=== WORK INSTRUCTION ===
Write out the records below exactly as they appear, skipping each picture.

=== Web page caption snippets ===
------------
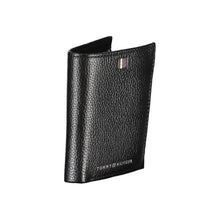 Load image into Gallery viewer, Tommy Hilfiger Elegant Black Leather Bi-Fold Wallet
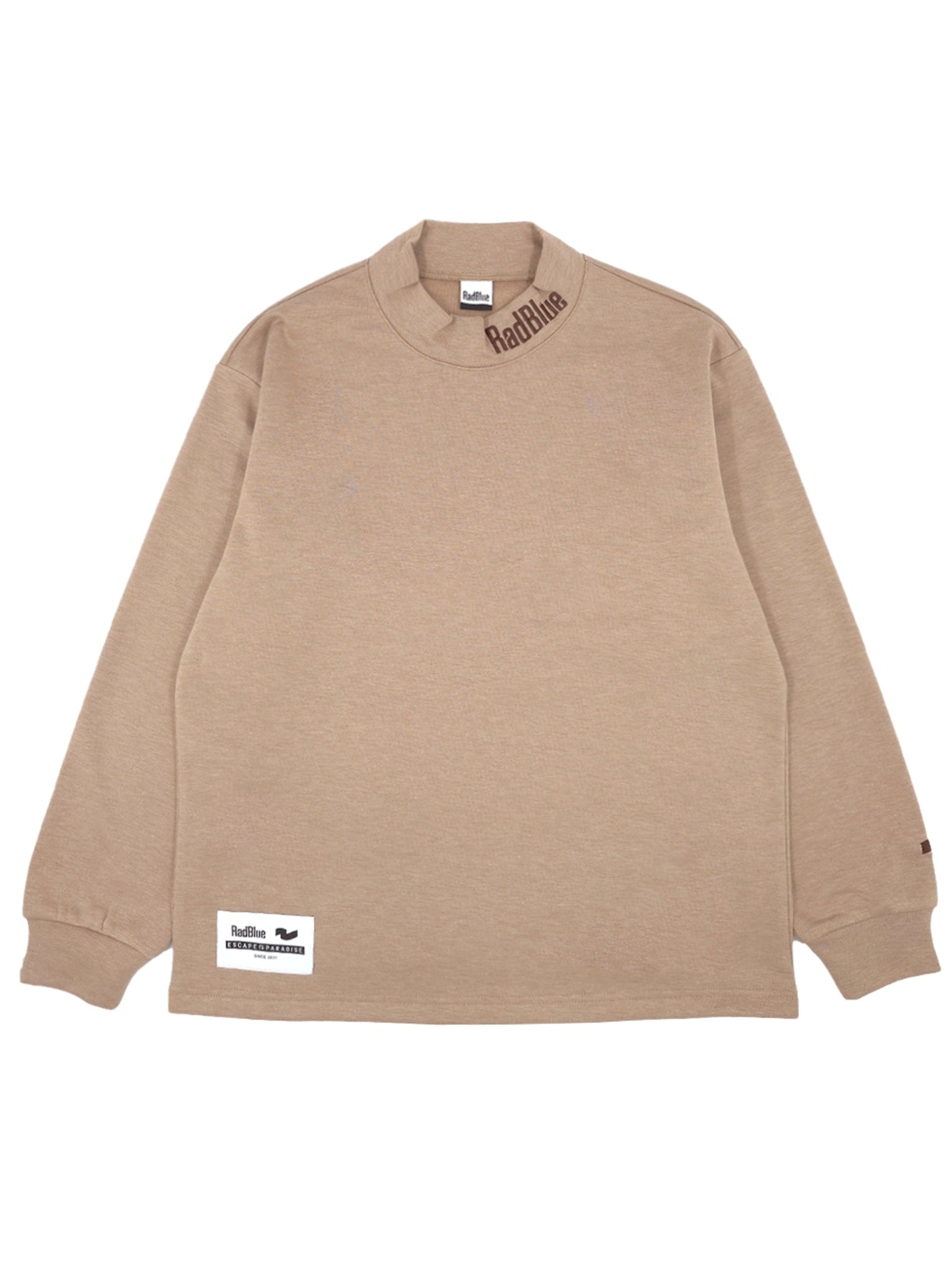 ウールタッチモックネックロングスリーブ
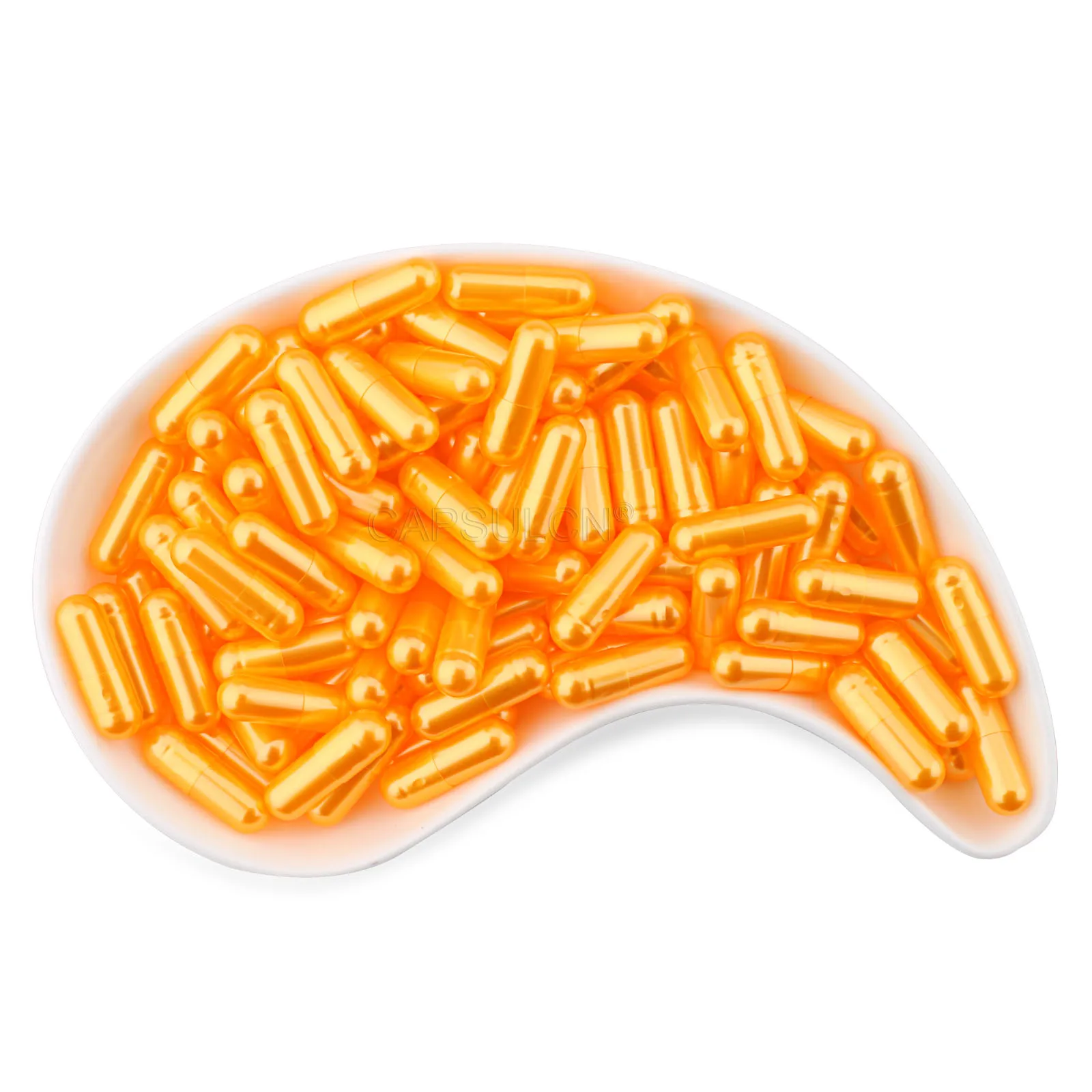 Size 00 0 1 2 3 4 5 Empty Pearl Colored Gelatin Capsules Whole Pearl Yellow Empty Gelatine Capsule Gel Pill Capsules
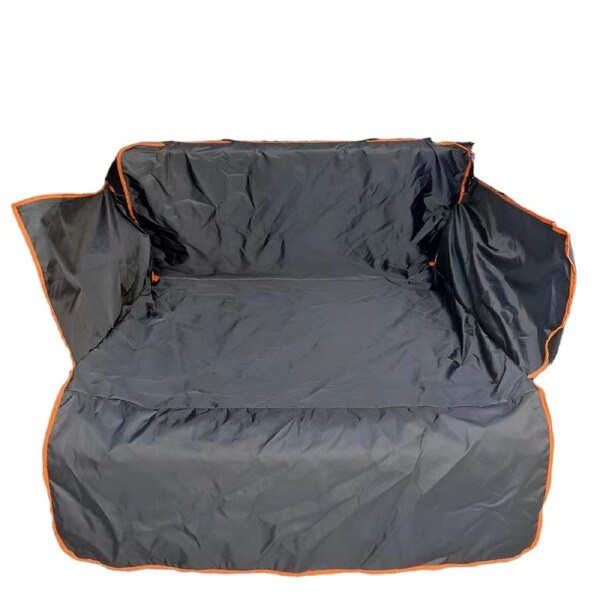 SUV Cargo Liner Waterproof Trunk Seat Cover for Back Cargo Area Black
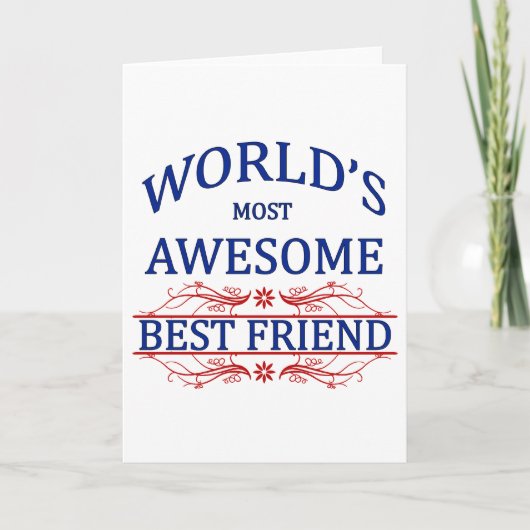 Carte Meilleur Ami du monde (Devant)
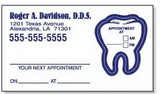 Custom Stock Appointment Card w/ Kiss-Cut Removable Bone Label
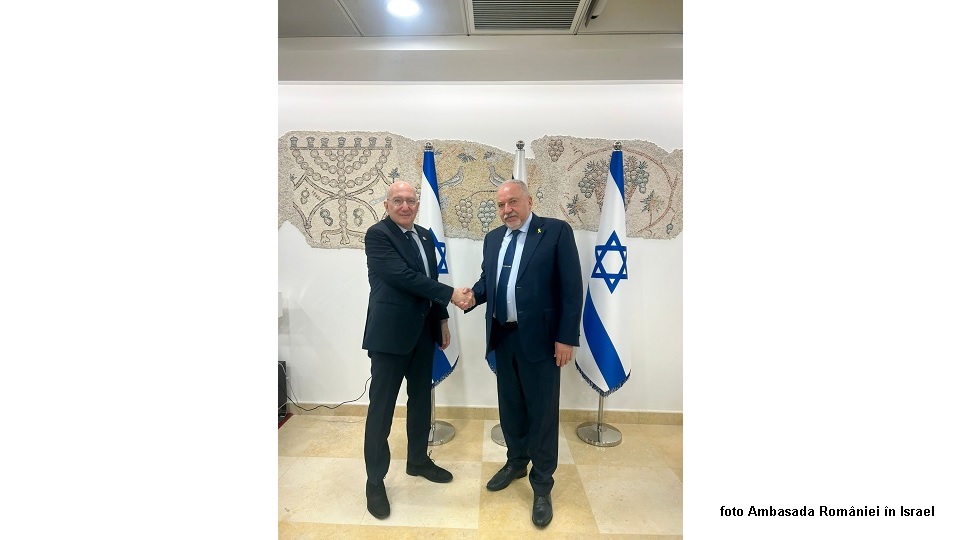 Întâlnire Radu Ioanid - Avigdor Liberman (foto Ambasada României în Israel)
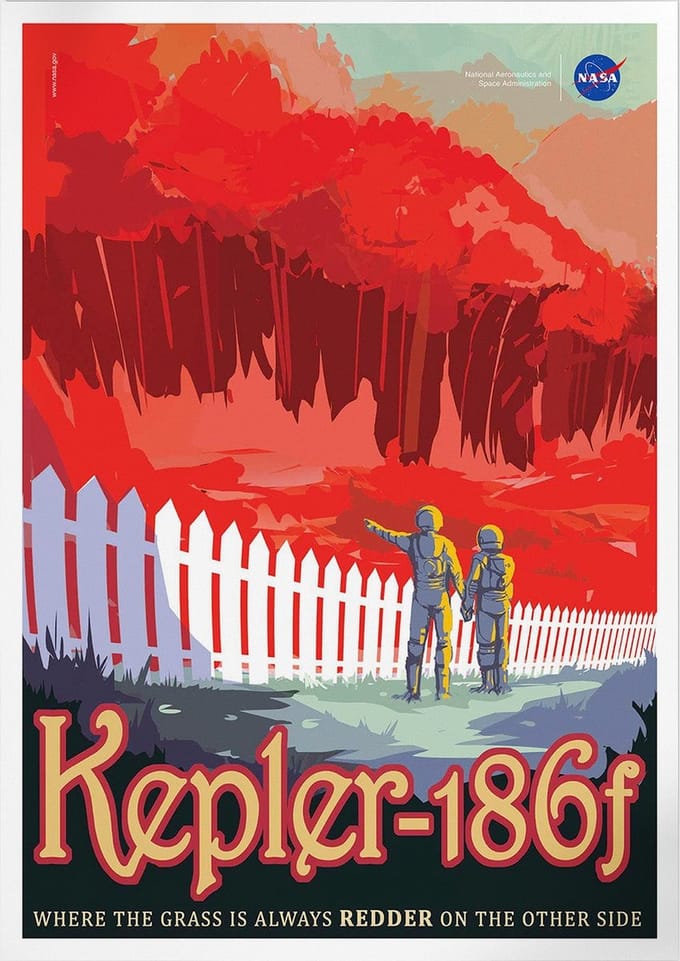 Kepler 186F | Space, Astronomie & Ruimtevaart Poster | B2: 50x70 cm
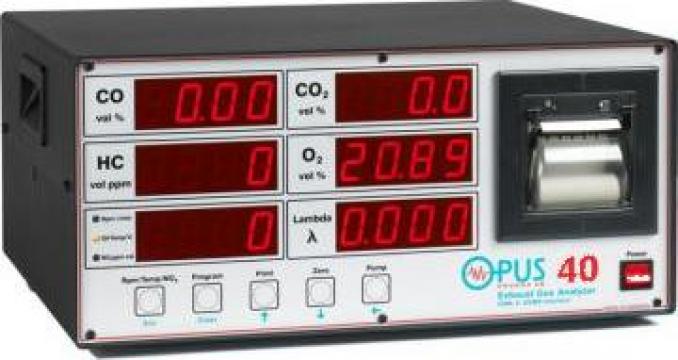 Verificare metrologica opacimetru, analizor gaz, manometru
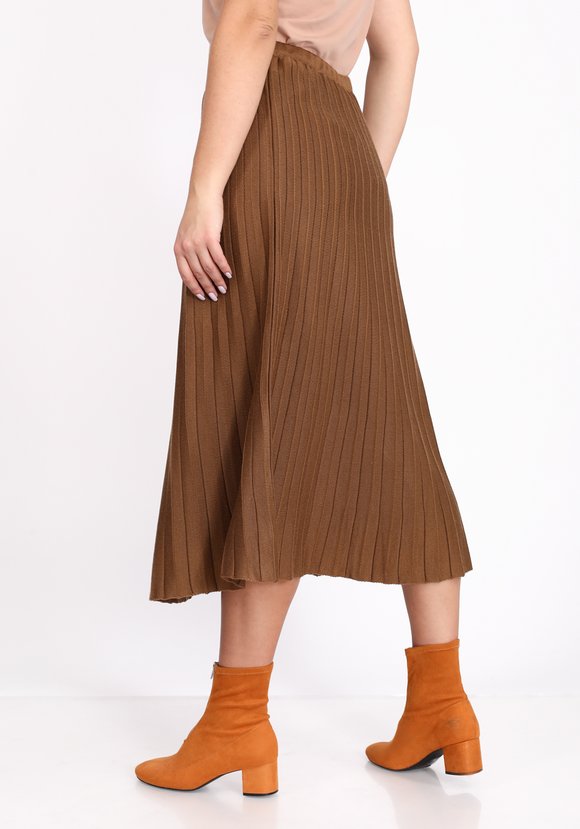 Юбка на резинке с имитацией плиссе шир.  580, рис. 4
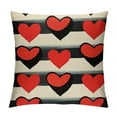 thumbnail image 1 of Nawypu  Hello Valentine's Day Red Heart Decorative Throw Pillow Covers, Love Forever Black White Stripes Arrow Porch Outdoor Home Decor, Anniversary Wedding Farmhouse Couch Cushion Case, 1 of 5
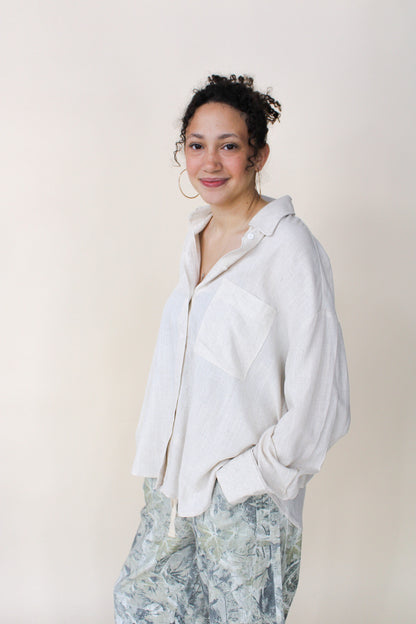 Kennedy Button Front Shirt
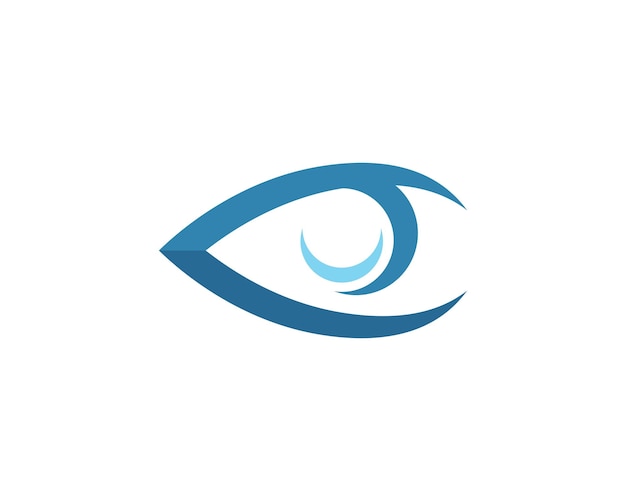 Premium Vector | Eye care vector logo design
------------
=== SOLUTION FOR THIS EXERCISE ===
 Load image into Gallery viewer, Tommy Hilfiger Elegant Black Leather Bi-Fold Wallet
 ウールタッチモックネックロングスリーブ
 Size 00 0 1 2 3 4 5 Empty Pearl Colored Gelatin Capsules Whole Pearl Yellow Empty Gelatine Capsule Gel Pill Capsules
 SUV Cargo Liner Waterproof Trunk Seat Cover for Back Cargo Area Black
 Carte Meilleur Ami du monde (Devant)
 Custom Stock Appointment Card w/ Kiss-Cut Removable Bone Label
 Întâlnire Radu Ioanid - Avigdor Liberman (foto Ambasada României în Israel)
 Kepler 186F | Space, Astronomie & Ruimtevaart Poster | B2: 50x70 cm
 Verificare metrologica opacimetru, analizor gaz, manometru
 Юбка на резинке с имитацией плиссе шир.  580, рис. 4
 thumbnail image 1 of Nawypu  Hello Valentine's Day Red Heart Decorative Throw Pillow Covers, Love Forever Black White Stripes Arrow Porch Outdoor Home Decor, Anniversary Wedding Farmhouse Couch Cushion Case, 1 of 5
 Kennedy Button Front Shirt
 Premium Vector | Eye care vector logo design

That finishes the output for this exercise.